Look through the records below for the line holding "Contemporary Graton Hotel". Write it out exactly, with each following line through the line holding "Ein Gruppenbild des".

§ RECORD SET:
***
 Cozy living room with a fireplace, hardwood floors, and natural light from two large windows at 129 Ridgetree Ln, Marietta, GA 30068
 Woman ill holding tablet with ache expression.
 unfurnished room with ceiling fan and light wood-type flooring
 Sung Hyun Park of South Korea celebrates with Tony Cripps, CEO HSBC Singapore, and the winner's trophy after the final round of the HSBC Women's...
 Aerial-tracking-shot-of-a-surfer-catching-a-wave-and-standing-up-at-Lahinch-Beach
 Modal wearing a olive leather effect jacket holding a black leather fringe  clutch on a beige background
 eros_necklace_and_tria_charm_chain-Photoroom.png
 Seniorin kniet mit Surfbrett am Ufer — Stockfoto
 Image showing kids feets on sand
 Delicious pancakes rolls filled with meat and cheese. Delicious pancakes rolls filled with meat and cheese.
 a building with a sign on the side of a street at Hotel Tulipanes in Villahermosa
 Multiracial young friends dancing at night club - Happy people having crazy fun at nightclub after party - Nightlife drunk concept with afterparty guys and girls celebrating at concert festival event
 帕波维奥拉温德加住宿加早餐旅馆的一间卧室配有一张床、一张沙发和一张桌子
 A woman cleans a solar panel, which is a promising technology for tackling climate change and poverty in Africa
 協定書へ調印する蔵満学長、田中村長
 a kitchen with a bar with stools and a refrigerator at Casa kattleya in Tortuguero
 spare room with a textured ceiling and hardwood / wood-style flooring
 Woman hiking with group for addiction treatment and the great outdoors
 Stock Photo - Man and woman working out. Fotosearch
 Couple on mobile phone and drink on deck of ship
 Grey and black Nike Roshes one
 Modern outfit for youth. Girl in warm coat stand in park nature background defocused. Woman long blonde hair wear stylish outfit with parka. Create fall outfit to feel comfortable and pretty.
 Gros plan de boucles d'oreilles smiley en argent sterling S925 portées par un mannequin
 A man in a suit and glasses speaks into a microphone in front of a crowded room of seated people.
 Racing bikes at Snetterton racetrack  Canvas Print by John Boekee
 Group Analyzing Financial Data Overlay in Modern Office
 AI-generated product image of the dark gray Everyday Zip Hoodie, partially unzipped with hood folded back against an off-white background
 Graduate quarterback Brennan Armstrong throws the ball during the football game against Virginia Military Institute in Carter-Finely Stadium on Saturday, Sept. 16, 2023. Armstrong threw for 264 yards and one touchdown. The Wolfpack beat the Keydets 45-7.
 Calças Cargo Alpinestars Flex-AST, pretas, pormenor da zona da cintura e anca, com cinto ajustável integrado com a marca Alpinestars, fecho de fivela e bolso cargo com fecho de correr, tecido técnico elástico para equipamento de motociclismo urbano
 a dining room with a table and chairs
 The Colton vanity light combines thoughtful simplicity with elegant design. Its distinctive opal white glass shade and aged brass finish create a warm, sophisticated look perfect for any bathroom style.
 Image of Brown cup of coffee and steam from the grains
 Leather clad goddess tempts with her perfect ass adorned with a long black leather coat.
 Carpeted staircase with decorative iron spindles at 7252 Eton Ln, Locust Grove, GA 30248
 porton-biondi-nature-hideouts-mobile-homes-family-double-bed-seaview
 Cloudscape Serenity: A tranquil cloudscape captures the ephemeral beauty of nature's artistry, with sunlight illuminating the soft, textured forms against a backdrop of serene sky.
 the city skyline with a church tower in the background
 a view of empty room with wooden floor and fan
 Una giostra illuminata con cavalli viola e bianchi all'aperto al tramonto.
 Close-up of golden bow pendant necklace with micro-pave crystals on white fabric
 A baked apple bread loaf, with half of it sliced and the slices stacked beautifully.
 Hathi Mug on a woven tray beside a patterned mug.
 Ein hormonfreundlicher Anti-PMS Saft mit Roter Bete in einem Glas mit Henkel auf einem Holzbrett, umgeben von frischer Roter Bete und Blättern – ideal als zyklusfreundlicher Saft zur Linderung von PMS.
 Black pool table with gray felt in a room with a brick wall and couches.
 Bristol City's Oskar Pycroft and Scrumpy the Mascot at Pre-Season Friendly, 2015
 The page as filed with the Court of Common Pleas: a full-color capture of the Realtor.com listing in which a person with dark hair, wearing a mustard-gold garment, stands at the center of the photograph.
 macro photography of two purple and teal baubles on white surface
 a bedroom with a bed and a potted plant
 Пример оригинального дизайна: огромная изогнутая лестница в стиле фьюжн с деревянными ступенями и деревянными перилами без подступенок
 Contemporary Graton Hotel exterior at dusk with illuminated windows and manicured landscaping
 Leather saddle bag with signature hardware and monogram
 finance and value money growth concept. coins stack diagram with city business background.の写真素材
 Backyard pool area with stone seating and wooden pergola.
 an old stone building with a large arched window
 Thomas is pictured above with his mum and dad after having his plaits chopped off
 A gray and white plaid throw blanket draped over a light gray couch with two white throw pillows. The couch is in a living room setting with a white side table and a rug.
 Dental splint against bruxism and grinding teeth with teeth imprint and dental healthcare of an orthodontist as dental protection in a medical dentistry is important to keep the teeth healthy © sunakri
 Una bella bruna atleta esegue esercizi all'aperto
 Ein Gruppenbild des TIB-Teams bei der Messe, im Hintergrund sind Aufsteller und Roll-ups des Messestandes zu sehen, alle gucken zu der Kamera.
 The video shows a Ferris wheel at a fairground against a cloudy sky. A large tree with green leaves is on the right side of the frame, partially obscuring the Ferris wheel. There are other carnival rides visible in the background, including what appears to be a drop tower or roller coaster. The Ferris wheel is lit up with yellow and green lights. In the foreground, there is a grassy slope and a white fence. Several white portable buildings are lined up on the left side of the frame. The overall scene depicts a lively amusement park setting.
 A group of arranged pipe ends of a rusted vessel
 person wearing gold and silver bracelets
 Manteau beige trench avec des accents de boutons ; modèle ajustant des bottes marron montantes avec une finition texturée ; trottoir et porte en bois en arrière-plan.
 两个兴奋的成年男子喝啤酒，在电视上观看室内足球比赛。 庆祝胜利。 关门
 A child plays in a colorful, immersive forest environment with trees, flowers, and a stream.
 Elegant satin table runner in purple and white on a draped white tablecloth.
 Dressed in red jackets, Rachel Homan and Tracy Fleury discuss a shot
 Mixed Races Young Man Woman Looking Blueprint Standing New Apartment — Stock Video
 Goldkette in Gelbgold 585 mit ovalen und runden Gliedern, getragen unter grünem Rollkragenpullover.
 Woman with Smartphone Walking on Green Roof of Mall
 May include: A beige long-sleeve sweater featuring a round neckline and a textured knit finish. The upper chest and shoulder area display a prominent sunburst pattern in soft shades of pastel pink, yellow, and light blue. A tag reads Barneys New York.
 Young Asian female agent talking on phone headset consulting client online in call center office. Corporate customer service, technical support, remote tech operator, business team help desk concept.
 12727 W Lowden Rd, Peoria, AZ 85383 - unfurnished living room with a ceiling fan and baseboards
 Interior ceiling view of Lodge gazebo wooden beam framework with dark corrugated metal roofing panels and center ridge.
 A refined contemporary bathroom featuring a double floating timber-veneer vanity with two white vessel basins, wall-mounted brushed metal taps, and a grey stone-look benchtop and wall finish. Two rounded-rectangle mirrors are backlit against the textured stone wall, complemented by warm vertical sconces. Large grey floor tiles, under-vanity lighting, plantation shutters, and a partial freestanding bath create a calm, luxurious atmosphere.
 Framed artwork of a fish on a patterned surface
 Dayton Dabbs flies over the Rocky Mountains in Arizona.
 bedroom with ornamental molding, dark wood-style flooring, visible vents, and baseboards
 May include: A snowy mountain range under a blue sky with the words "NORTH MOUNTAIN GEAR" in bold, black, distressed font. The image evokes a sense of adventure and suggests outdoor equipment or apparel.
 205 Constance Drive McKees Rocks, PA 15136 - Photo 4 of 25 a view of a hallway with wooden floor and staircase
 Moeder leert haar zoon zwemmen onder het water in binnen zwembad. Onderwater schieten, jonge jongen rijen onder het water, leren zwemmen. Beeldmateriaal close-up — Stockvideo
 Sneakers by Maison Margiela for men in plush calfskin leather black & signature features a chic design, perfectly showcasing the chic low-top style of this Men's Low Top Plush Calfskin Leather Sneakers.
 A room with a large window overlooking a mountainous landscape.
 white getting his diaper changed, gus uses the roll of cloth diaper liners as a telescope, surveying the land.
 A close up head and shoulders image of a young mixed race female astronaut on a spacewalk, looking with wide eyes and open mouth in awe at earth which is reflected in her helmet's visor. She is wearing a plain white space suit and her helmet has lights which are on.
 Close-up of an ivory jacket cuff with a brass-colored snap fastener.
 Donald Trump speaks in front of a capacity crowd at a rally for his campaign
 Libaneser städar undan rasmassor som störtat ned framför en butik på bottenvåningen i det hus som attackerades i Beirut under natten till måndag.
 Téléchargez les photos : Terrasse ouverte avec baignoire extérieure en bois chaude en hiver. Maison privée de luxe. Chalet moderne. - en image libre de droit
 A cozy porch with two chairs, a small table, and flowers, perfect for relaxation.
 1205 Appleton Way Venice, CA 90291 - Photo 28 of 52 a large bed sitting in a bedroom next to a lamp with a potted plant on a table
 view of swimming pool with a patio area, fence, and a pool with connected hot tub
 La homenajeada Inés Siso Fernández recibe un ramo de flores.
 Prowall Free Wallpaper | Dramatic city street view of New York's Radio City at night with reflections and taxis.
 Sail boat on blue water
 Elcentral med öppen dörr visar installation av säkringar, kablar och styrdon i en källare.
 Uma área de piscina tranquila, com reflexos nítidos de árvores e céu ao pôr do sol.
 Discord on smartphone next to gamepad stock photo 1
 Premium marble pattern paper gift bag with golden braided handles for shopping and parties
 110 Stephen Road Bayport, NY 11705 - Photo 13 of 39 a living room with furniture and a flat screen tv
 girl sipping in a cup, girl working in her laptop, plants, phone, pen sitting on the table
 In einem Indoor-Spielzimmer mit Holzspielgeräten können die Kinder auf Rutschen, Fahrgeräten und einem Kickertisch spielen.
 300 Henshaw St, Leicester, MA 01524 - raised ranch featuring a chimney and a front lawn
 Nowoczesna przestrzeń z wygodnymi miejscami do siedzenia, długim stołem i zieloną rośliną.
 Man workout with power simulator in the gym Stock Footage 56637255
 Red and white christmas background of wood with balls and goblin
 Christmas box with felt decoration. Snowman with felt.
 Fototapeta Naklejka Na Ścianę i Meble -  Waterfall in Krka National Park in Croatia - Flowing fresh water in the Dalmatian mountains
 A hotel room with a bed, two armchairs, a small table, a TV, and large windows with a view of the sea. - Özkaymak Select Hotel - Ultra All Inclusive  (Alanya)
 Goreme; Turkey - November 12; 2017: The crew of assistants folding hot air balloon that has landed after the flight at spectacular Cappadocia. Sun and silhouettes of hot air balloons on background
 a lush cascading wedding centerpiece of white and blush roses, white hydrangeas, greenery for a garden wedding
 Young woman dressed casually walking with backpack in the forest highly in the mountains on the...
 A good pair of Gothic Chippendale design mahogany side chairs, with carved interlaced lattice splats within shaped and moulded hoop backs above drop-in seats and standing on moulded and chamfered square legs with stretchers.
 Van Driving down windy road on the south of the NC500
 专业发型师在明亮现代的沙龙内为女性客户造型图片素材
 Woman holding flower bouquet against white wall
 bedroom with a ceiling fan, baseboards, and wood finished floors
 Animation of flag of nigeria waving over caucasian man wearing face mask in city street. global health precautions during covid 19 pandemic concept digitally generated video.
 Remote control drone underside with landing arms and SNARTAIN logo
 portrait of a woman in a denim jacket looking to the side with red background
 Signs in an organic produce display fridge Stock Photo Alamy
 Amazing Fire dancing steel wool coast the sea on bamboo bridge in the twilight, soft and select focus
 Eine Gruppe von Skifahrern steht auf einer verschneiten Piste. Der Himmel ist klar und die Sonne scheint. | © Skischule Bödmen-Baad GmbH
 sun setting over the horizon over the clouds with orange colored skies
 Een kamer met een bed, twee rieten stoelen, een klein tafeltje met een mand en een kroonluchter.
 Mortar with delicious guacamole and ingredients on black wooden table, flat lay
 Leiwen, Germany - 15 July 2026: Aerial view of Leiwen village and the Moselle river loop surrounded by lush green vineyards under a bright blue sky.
***
§ YOUR SOLUTION:
 Contemporary Graton Hotel exterior at dusk with illuminated windows and manicured landscaping
 Leather saddle bag with signature hardware and monogram
 finance and value money growth concept. coins stack diagram with city business background.の写真素材
 Backyard pool area with stone seating and wooden pergola.
 an old stone building with a large arched window
 Thomas is pictured above with his mum and dad after having his plaits chopped off
 A gray and white plaid throw blanket draped over a light gray couch with two white throw pillows. The couch is in a living room setting with a white side table and a rug.
 Dental splint against bruxism and grinding teeth with teeth imprint and dental healthcare of an orthodontist as dental protection in a medical dentistry is important to keep the teeth healthy © sunakri
 Una bella bruna atleta esegue esercizi all'aperto
 Ein Gruppenbild des TIB-Teams bei der Messe, im Hintergrund sind Aufsteller und Roll-ups des Messestandes zu sehen, alle gucken zu der Kamera.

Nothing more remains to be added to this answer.